## Information supplied

╔══

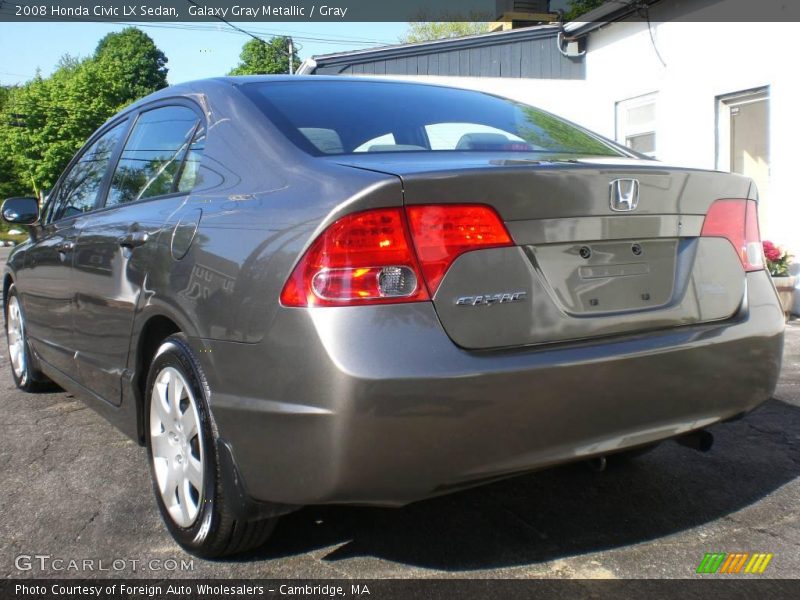 Galaxy Gray Metallic / Gray 2008 Honda Civic LX Sedan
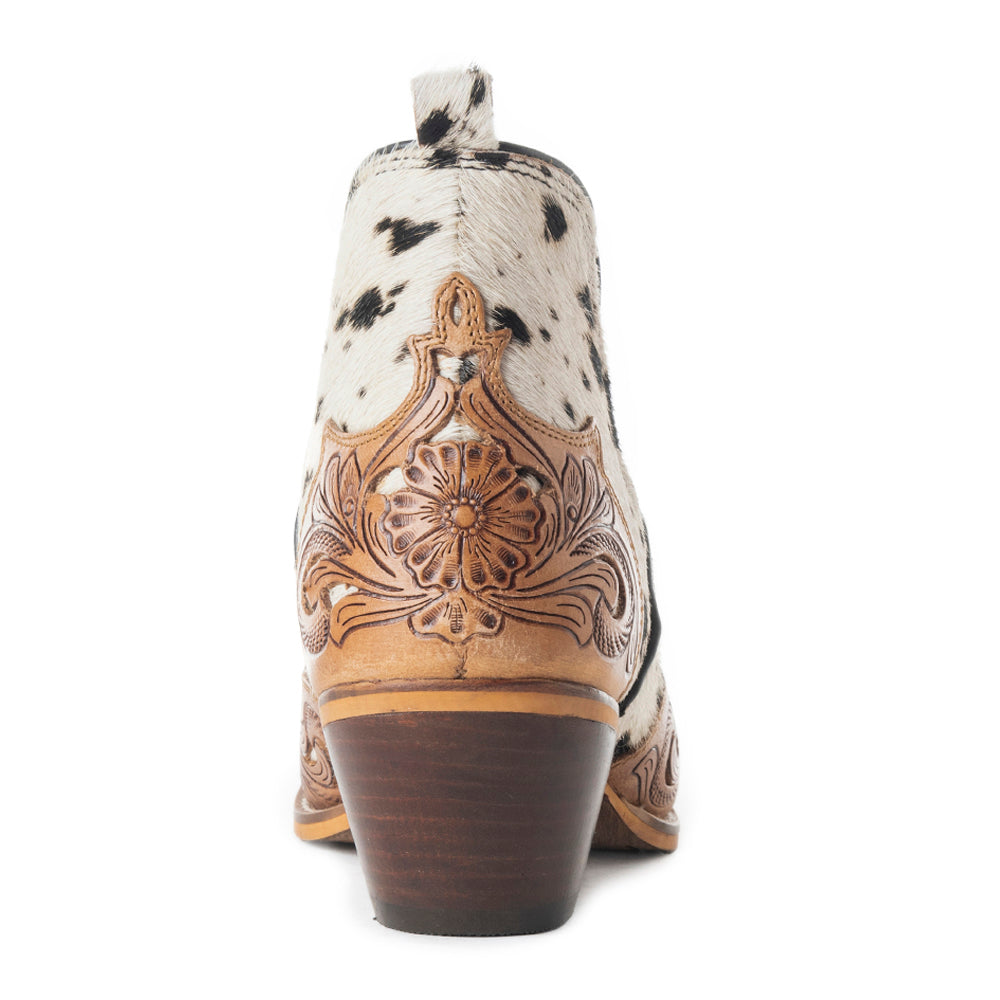 West Street Western Hand-Tooled Booties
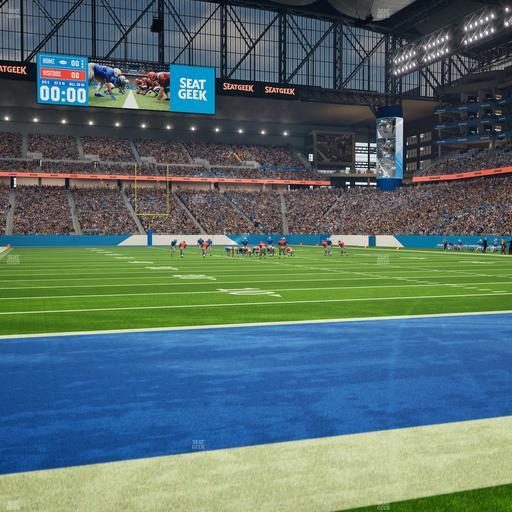 Ford Field - Section Field Seats Seat View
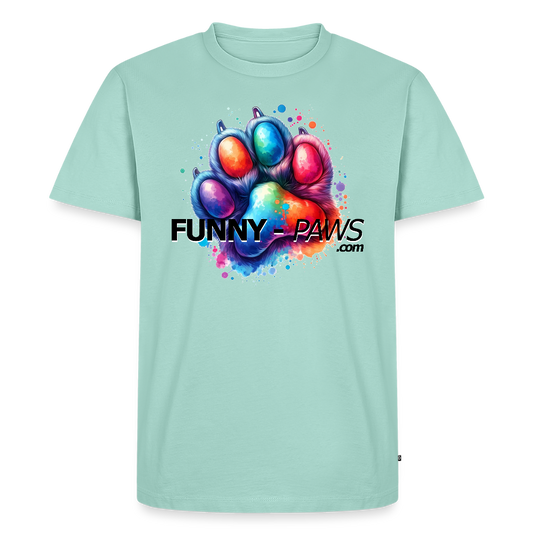 FUNNY PAWS - Men’s Premium T-Shirt - Mint 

╚══

## What the task asks
When you return the listing, keep it exact and omit any pictures it holds.

## Final answer
 Galaxy Gray Metallic / Gray 2008 Honda Civic LX Sedan
 West Street Western Hand-Tooled Booties
 Ford Field - Section Field Seats Seat View
 FUNNY PAWS - Men’s Premium T-Shirt - Mint 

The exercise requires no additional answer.